I started receiving emails more than a week ago from readers who’d heard rumors of the 12-year-old girl with bird flu being covered up by the government. I didn’t post it because I had no supporting evidence. But based on what I’m hearing, while the party may be handling bird flu much less horribly than they handled SARS, the very last thing you can do is congratulate them for being forthright and eager to cooperate. Sadly, I always have to assume when they give out any information on something like bird flu (and AIDS and SARS), there is always important information they are keeping secret. Just like when Bush gives us an “update” on his War on Terror, I start with the supposition he is lying. I welcome China to give me serious reasons for not thinking this way. I welcome them to convince me that they are upfront and dedicated to disclosing all the bird flu data they have, and to invite full media coverage of all aspects of the disease. If they do, I will praise them to the stars. Until then, I will presume they are still in their usual pattern of obfuscation and propagandizing.

November 7, 2005 @ 1:46 am | Comment

” …in terms of surveillance, monitoring and quite frankly anything resembling decent medical talent or facilities, vast swaths of China are sorely lacking ..”

This is just utter rubbish. I have been in the remotest parts of Yunnan and have spoken to medics armed with little more than first aid bags, but they impressed me with their knowledge of diseases. And they all had mobile phones. How long does it take to phone the local/county/provincial party secretary or health department to say they have a person with serious flu-like symptoms?
This statement also beggars belief because China has an extremely well developed system of surveillance when it comes to Fa1un G0ng. They can spot a someone meditating from 100km away, but they can’t find a case of pneumonia? Give me a break.
No the real reason behind this is an addiction to secrecy combined with sheer incompetence. Look at this translation from the PRC’s own Caijing magazine:

The MOA has also drafted emergency response plans in September, but those plans have not been publicized. “The plan has been released [internally] and those who should know it have been informed,” a MOA official told Caijing. “There is no need to disclose it to the public.”

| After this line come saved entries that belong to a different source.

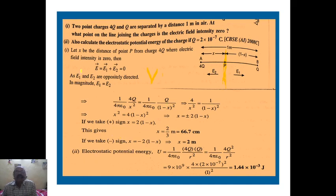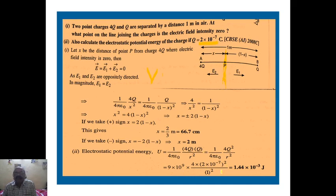Second part: calculate the electrostatic potential energy of the system if Q = 2×10⁻⁷ coulomb. Electrostatic potential energy U = (1/4πε₀) × Q1·Q2/r. Here Q1 = 4Q, Q2 = Q, and separation = 1 meter. With 1/(4πε₀) = 9×10⁹, substituting Q = 2×10⁻⁷ C: U = 9×10⁹ × 4×(2×10⁻⁷)² / 1 = 1.44×10⁻³ joule.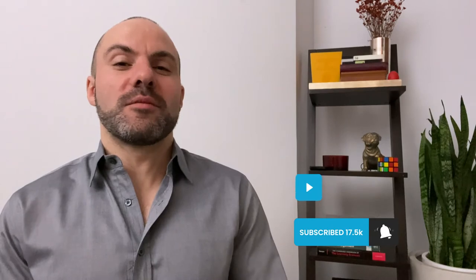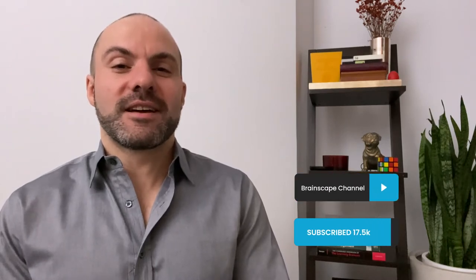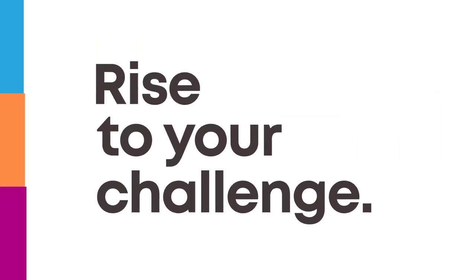So please subscribe, stay tuned for so much great advice to come, and get ready to rise to your challenge.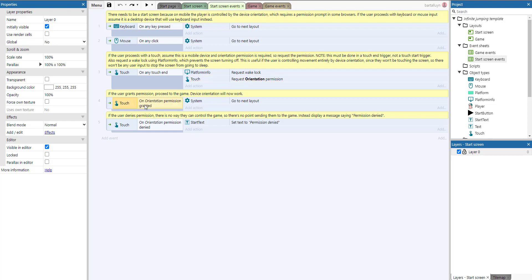Whenever the permission is granted we go to the next layout, and if for some reason the user denies that permission we set the text to 'permission denied'.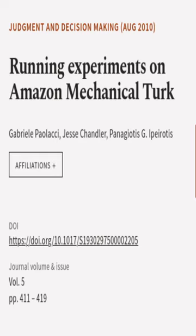This article was authored by Gabrielle Pailaxi, Jesse Chandler, and Paniotis G. Ipyrotis.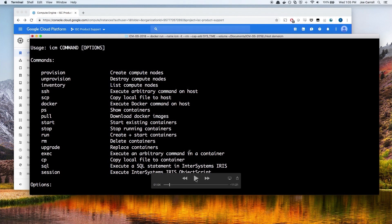Here I'm showing you what ICM actually is — it's a command line interface with lots of options. The ones we're going to use are provision, unprovision at the end to delete everything, and run. Provision creates the compute nodes and virtual machines; run creates and starts the containers. As a development tool, you can use this to iterate over configurations — create them, test them, destroy them, play around with them, figure out what's going wrong — so ICM is useful through the development process, not just for production deployments.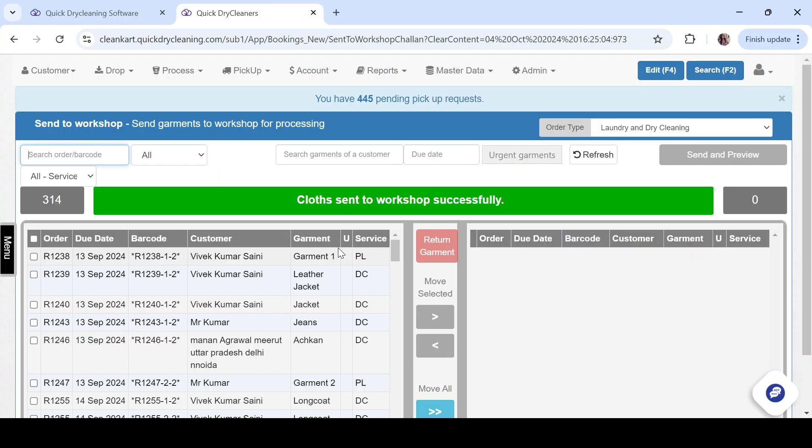I hope you now understand how you can select different workshops or you can also map various workshops with any one particular store, along with a default workshop that you already have for that particular store.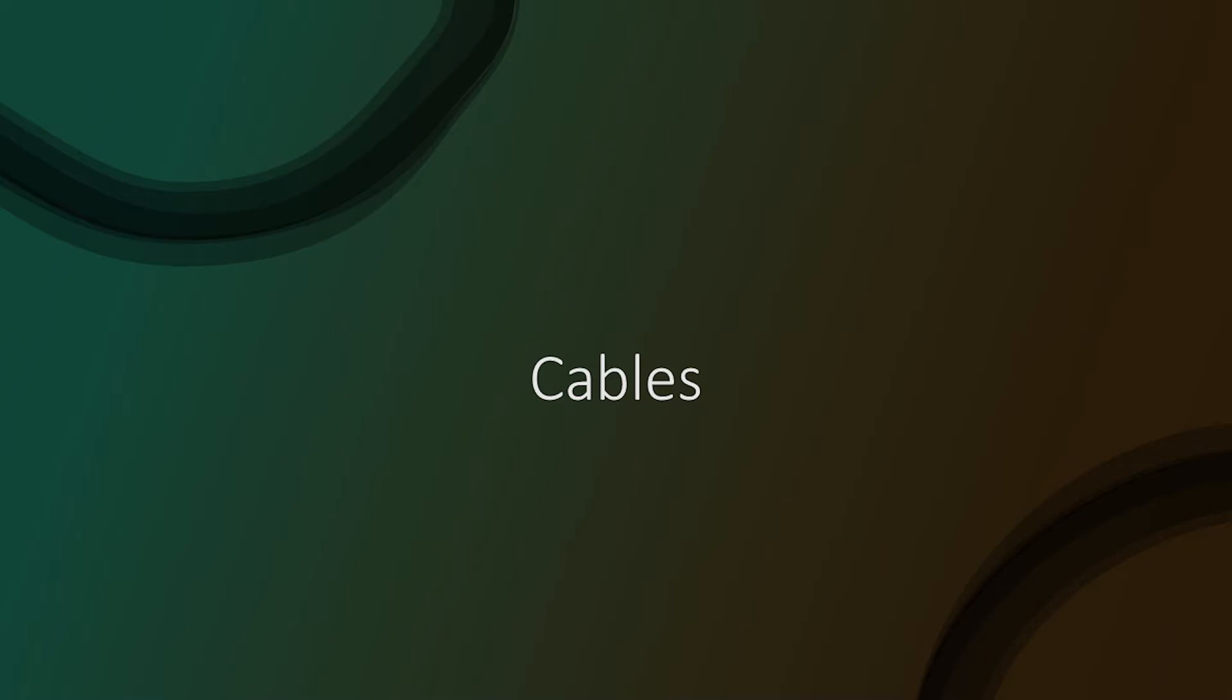Cables are typically what we call point-to-point connections. Without any additional hardware, they can only connect two devices together. In modern applications, there are two major types of cables.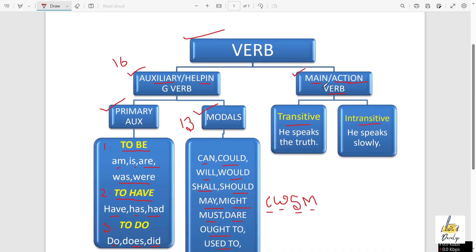Now the main verb — types of main verb. One is transitive verb and another one is intransitive verb. What is a transitive verb? See this sentence: 'He speaks the truth.' Here 'speaks' is the verb — it is third person singular number, that is why we have used 's.' So 'speaks' here is a transitive verb.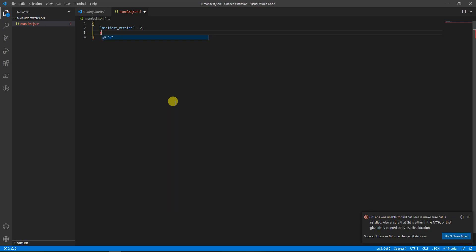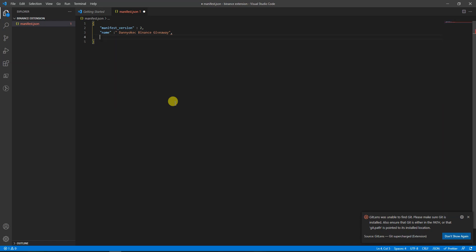The next thing we're going to write is the name of our extension. I'm going to call it 'Danny Okay Binance Giveaway' because this is my way of giving back to society — teaching people how to create automated stuff. If you're doing this on your own computer you can use your own name, or if you're selling it you can use your company name. This is basically the name of the software.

Analysts point out that inadequate coordination between the MOH and MOA is the foremost concern, since it may block smooth information flow and undermine China’s aggressive efforts to control the flu before it turns into an epidemic. In China’s central government, the MOA manages poultry-related flu planning and the MOH handles human-related issues. Yang Gonghuan, deputy director of Chinese Center for Disease Control and Prevention, said that in a hypothetical epidemic, the MOH would not intervene until the flu had clearly passed from animals to humans. Gan Menghou, an expert from the China Agricultural University, said the weakest link in the government’s planning to date is that that no ministry has specific jurisdiction over poultry-to-human transmission, potentially the epidemic’s most important element.

When the pig-borne bacterium Streptococcus suis surfaced in August in Sichuan Province, the two ministries seldom exchanged information, releasing death tolls of pigs and humans separately. In mid-October, with the flu threat looming large, the two belatedly established cooperation mechanism, which, experts say, is a crucial step in China’s anti-flu campaign.

Another bottleneck blocking the country’s prevention work is that only one epidemic monitoring institution – the Harbin Veterinary Institute of the Chinese Academy of Agricultural Science, directed by the MOA – is allowed to conduct relevant flu research. As a result, academics cannot independently verify for the public good the authorities’ claims that there have been no human cases of the avian flu virus. When asked about the possibility of human infection in China, Gan told Caijing: “We do not have the conditions for research, and as a professional I cannot say yes or no.”